Standing alone with Kokomo again, Clearfather felt as exposed as they had been back in Texas. Vitessa was probably watching them at that very moment, and he knew he should’ve been scared but he wasn’t. (He didn’t know that the Corps of Discovery had triggered an endorphin release inside his brain; he thought it was the excitement of arrival and his gratitude for Dr. Tadd’s assistance.)
Clearfather could see the elevated ribbon of the Synapse Train firing along. We can hop on that anytime, he reasoned. Best to stretch a bit and get the lay of the land. This time he was certain there was someone waiting for them.
Kokomo had a funny expression on her face. She held on tight to him as they navigated the bustling causeways below the billowing American and Vitessa Cultporation flags, catching sight between the minarets and adrenaline rides of eidolons of Kuan Ti, patron god of the Triads, and on Mount Meditation, the breathtaking gold Buddha, which stood as tall as the Tower of Bagels.
They cut through Nuevo Tokyo, past the pavilions where the Go masters sat deep in thought over hologram games with giant tortoises for playing stones. They boarded the train in the Pacino District. The crystalline gel-steel domes of 20th CenturyLand, HolyLand, MusicaLand, the other IMAGINE-NATION parks lit up the dusk, revealing the black outlines of hundreds of fruit bats or flying foxes making their way back to the trees in the botanical gardens.
Brando Street started off bright and sleazy like Patphong Road in Bangkok and then darkened into what seemed like a garage sale for the Mayo Clinic, with d
iscounted offers for all sorts of surgical procedures, although it was hard to understand the hawkers and barkers because they yacked in different languages and many wore oxygen masks.
The couple finally located the Museum of Notorious Americans between a boarded-up digital pet repair shop and a gender bender bar called Thingmakers. The building if not the enterprise as a whole appeared torn between being a Macao gambling den and Grant’s Tomb, with a strong hint of Redondo Beach Elks Club circa 1974. Admission was ludicrously expensive, but Clearfather was in no mood to quibble. Once inside, they found Olly Podrida, a tense and sweaty gentleman in a Hong Kong suit, deep in consultation with his principal tech head, trying to work out a problem with J. Robert Oppenheimer.
“You look familiar,” the museumeer gruffed. “Meesy called and said you were on the way over. Want a cream soda?”
“No . . . thanks. We’ve—I’m just after information.”

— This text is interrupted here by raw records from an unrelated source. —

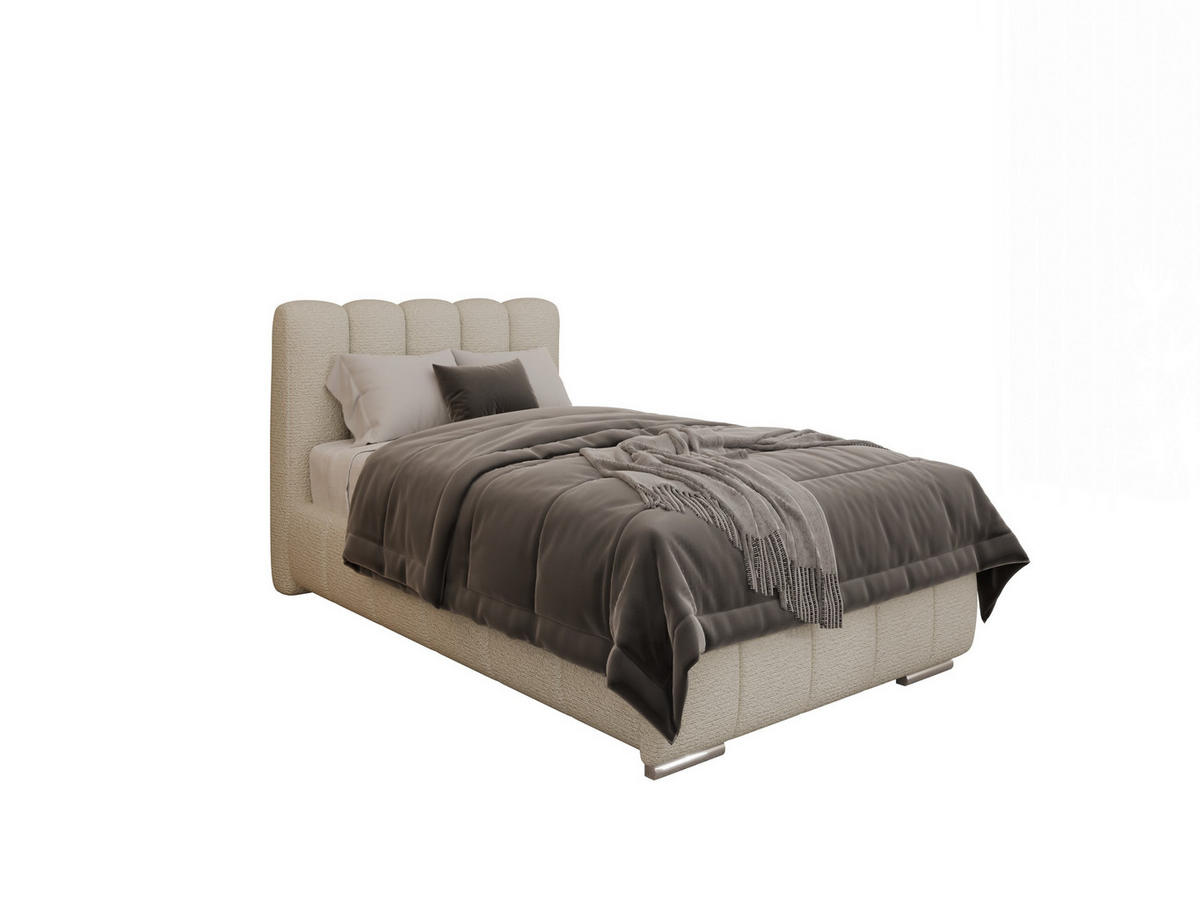 POLSTERBETT Zaira 100x200cm – Elegantes Polsterbett für modernen Wohnstil , ZONIERTE TASCHENFEDERN KOKOS (21cm), creme - Creme, Holz - Panda Möbel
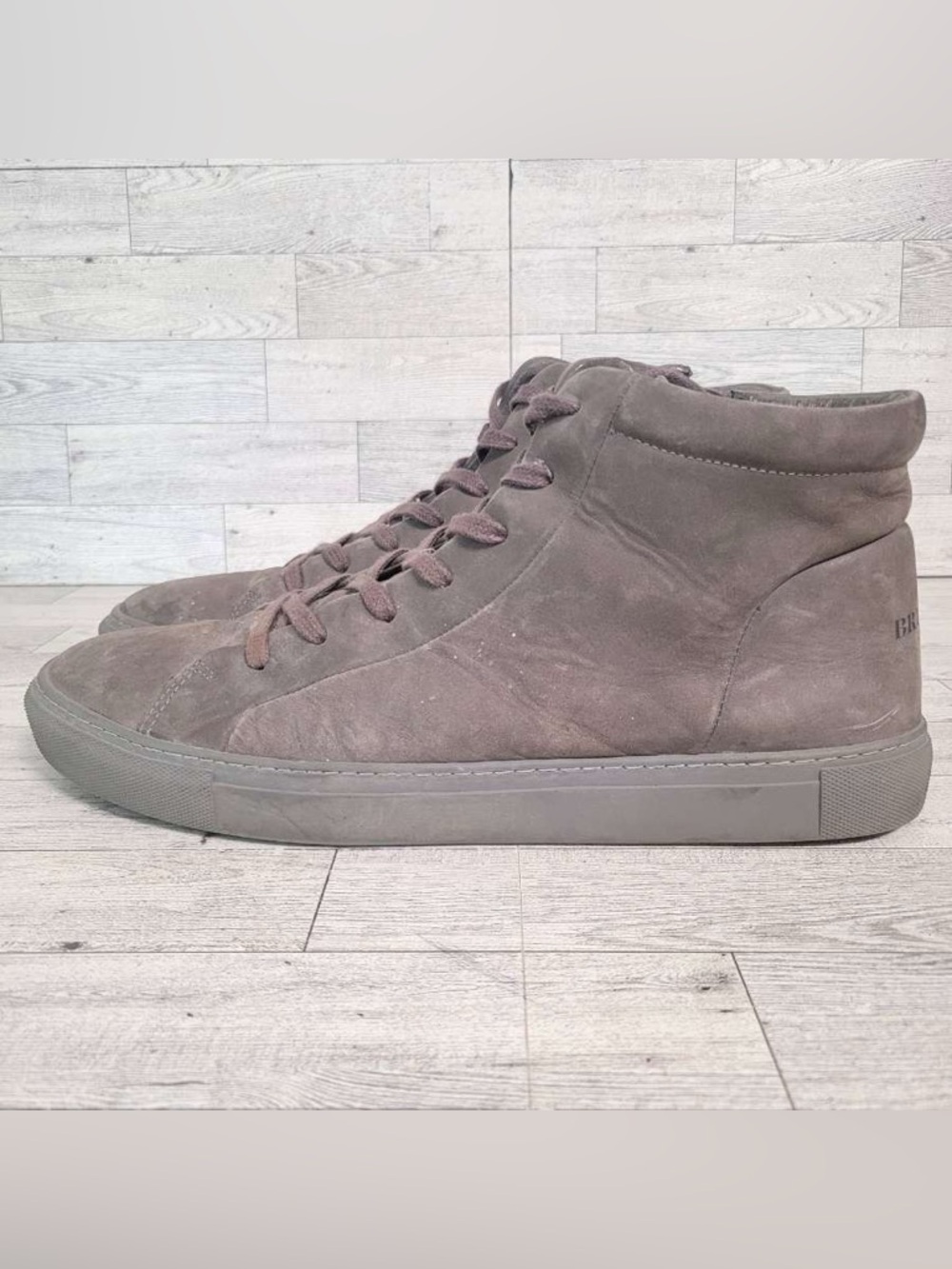 Men's Brusque Grey Leather Hightop Sneakers Size 46 / 12 Made In Portugal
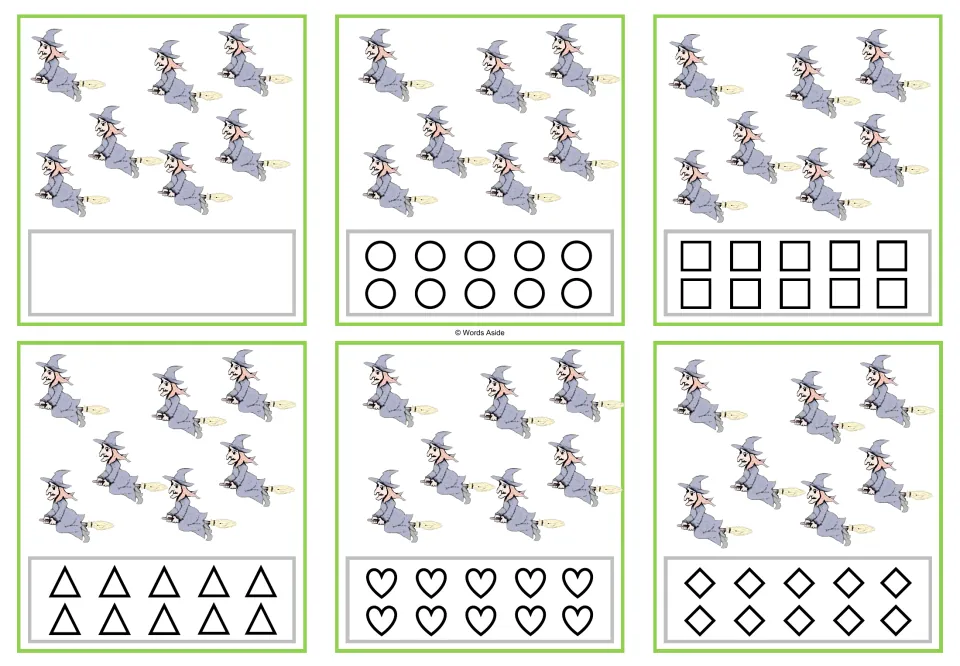 Six counting cards for 7 witches each: a blank version plus circles, squares, triangles, hearts, and rhombuses.
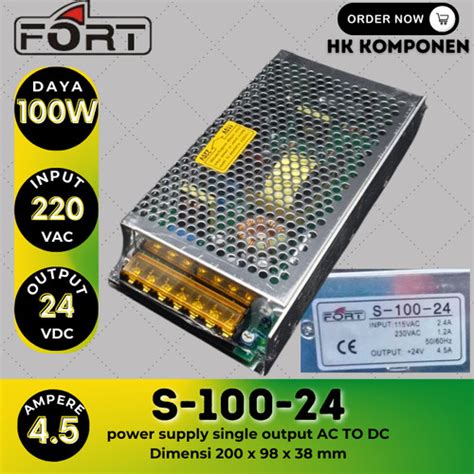 Jual Switching Power Supply 24vdc 45a S 100 24 Fort Adaptor Jakarta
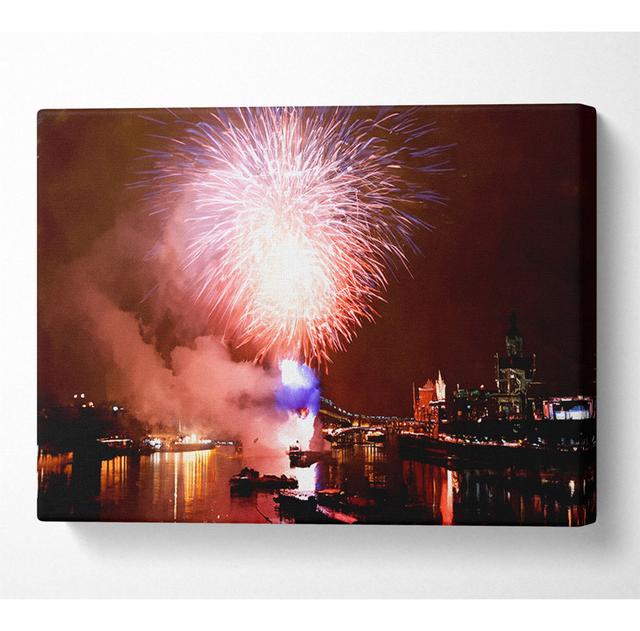 Fireworks On The Thames London - Wrapped Canvas Art Prints Latitude Run Size: 35.6cm H x 50.8cm W x 10cm D on Productcaster.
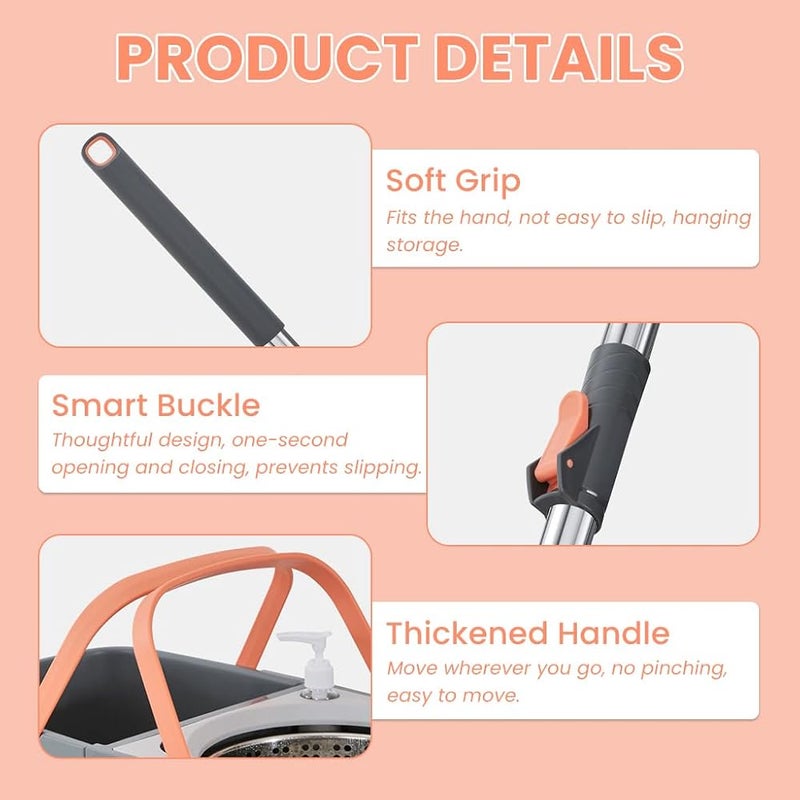 HASTHIP® Self-Wringing Mop with Bucket, Dual Bucket Design, 2 Microfiber Mops Cloth, Wet & Dry Use, 360° Self-Wringing Mop, Hands-free Drying, Non Abrasive Floor Cleaning Mops for Wooden Floor - Image 3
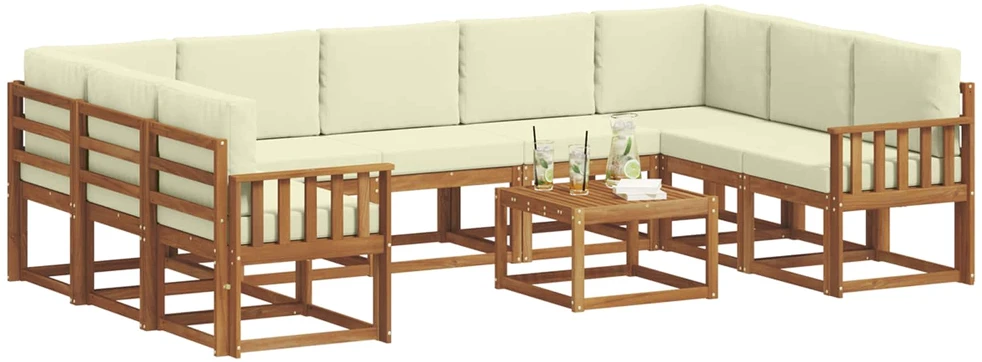 Lauko sofos komplektas 10 vnt. 9 vietos Natūralus ir grietinėlė
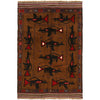 Handmade War Rug 3' 2 x 4' 7 (ft) - No. G23789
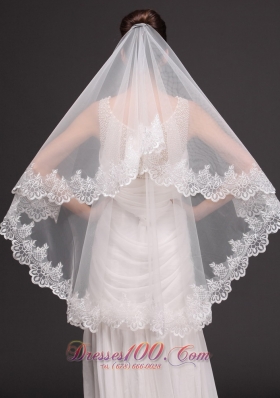 Bridal Veil With Two-tier Tulle Lace Appliques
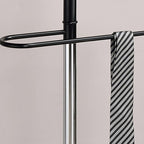 Kings Brand Furniture Luca Valet Stand – Black/Chrome Metal Freestanding Suit Rack and Clothes Organizer with Clothing Bar, Trouser/Tie Holder & Accessory Tray, Modern Design for Bedroom, Closet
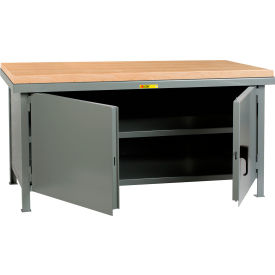 Little Giant&#174; Heavy Duty Cabinet Workbench Butcher Block Top & 1 Drawer 72""W x 30""D Gray
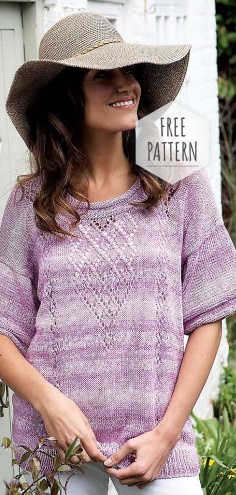 Chain Patterned Sweater Free Pattern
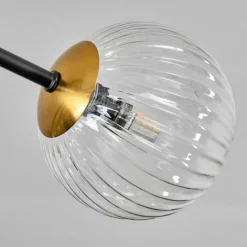 hofstein Plafonnier - Verre 12 cm, 15 cm Chehalis Or, Noir, 8 lumières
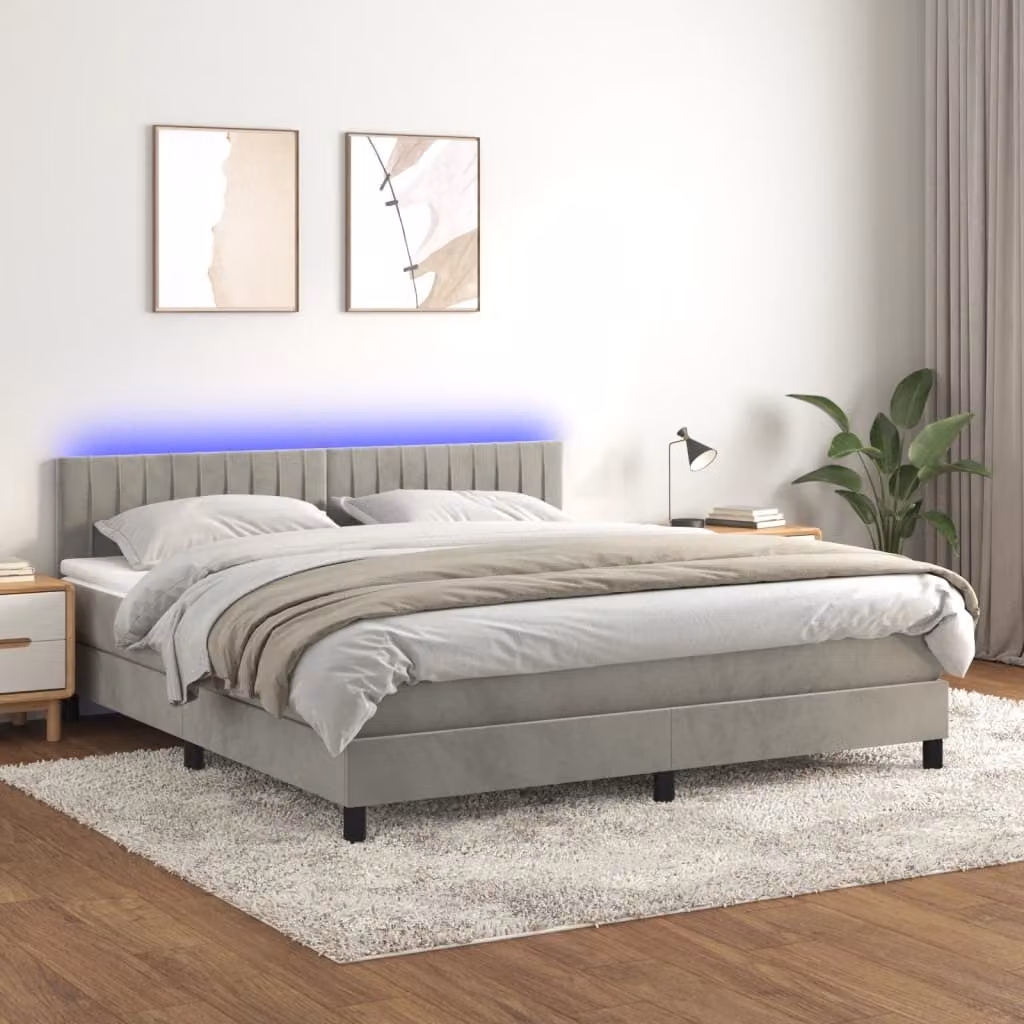 Maison Exclusive - Letto a Molle con Materasso e LED Grigio Chiaro 180x200 cm Velluto
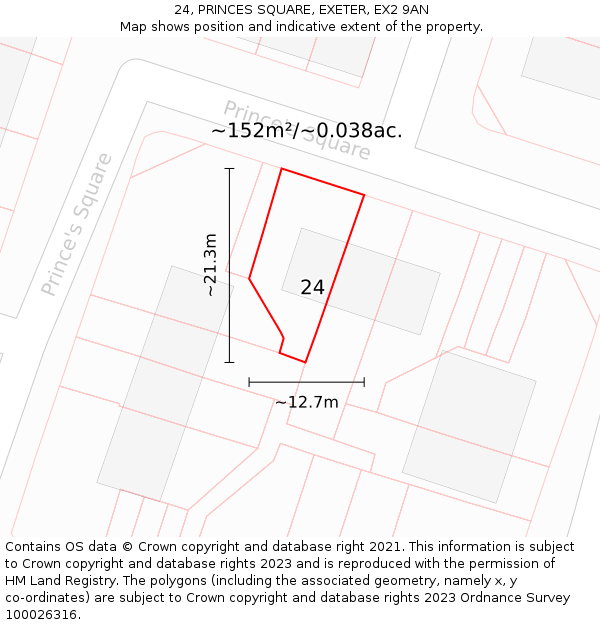24, PRINCES SQUARE, EXETER, EX2 9AN: Plot and title map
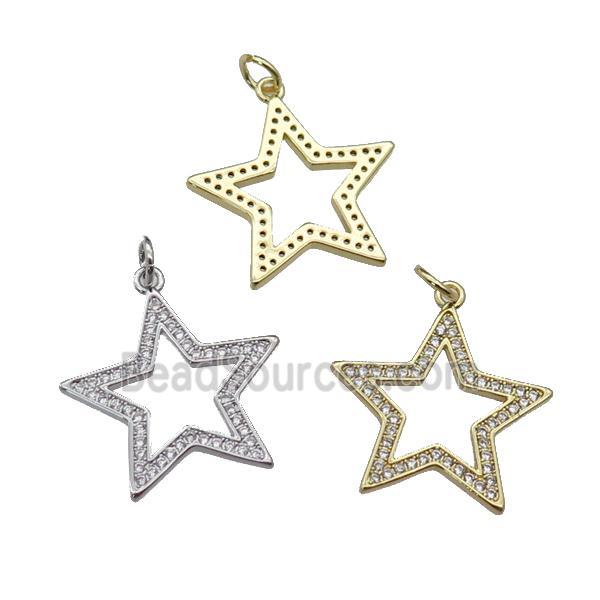 copper star pendant pave zircon, mixed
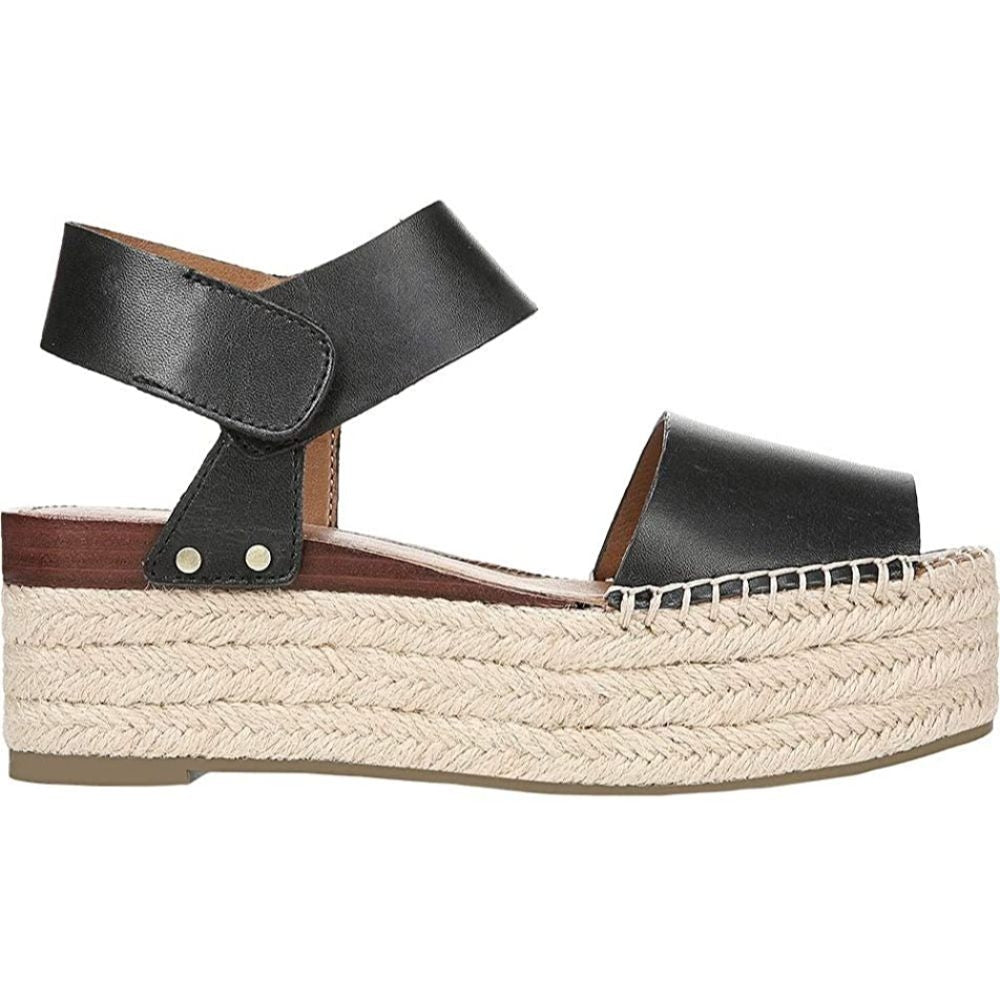 Leo Black Leather Franco Sarto Wedge Platform Sandal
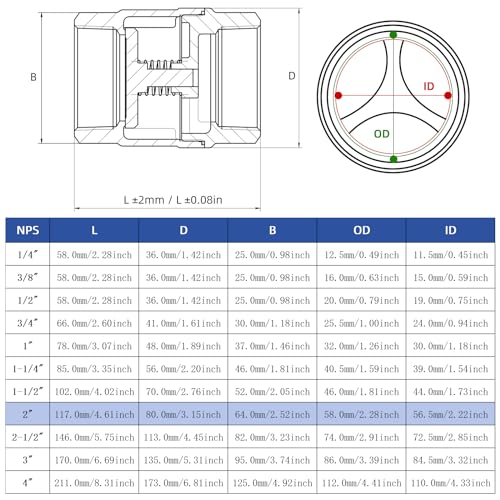2" NPT Stainless Steel Spring Check Valve, WOG1000 NPT Thread unleaded In-Line Vertical Check Valve Non Return One Way Counterflow to Prevent the Medium Backflow for Oil Water Gas Air DN50 - size: 2"-NPT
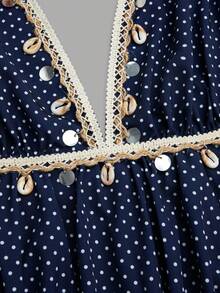 Sweetra Women's Summer Bohemian Camisole, Brown Polka Dot Ruffle Hem Shirt With Shell Sequin Decor, Deep V-Neck Beach Gym Top - Navy Blue - View 7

Life-sized eidolons began to appear as if at a cocktail party in a dream. Clearfather was surprised that the outcast Detroit Tiger Denny McLain was among them.
“El Doctoro says you’re interested in something from the private collection?”
“He said you have artifacts from The Kingdom of Joy, the love cult in Texas,” Clearfather answered.
Olly Podrida sprayed cream soda.
“Something wrong?”
Olly set down his drink and motioned for Clearfather to follow him through a mirrored door in the wall. Kokomo wandered over to check out Denny McLain. The hallway behind the mirror was cluttered with laser componentry. In a workshop Brigham Young and Mae West wavered in and out like divorcés on a blind date.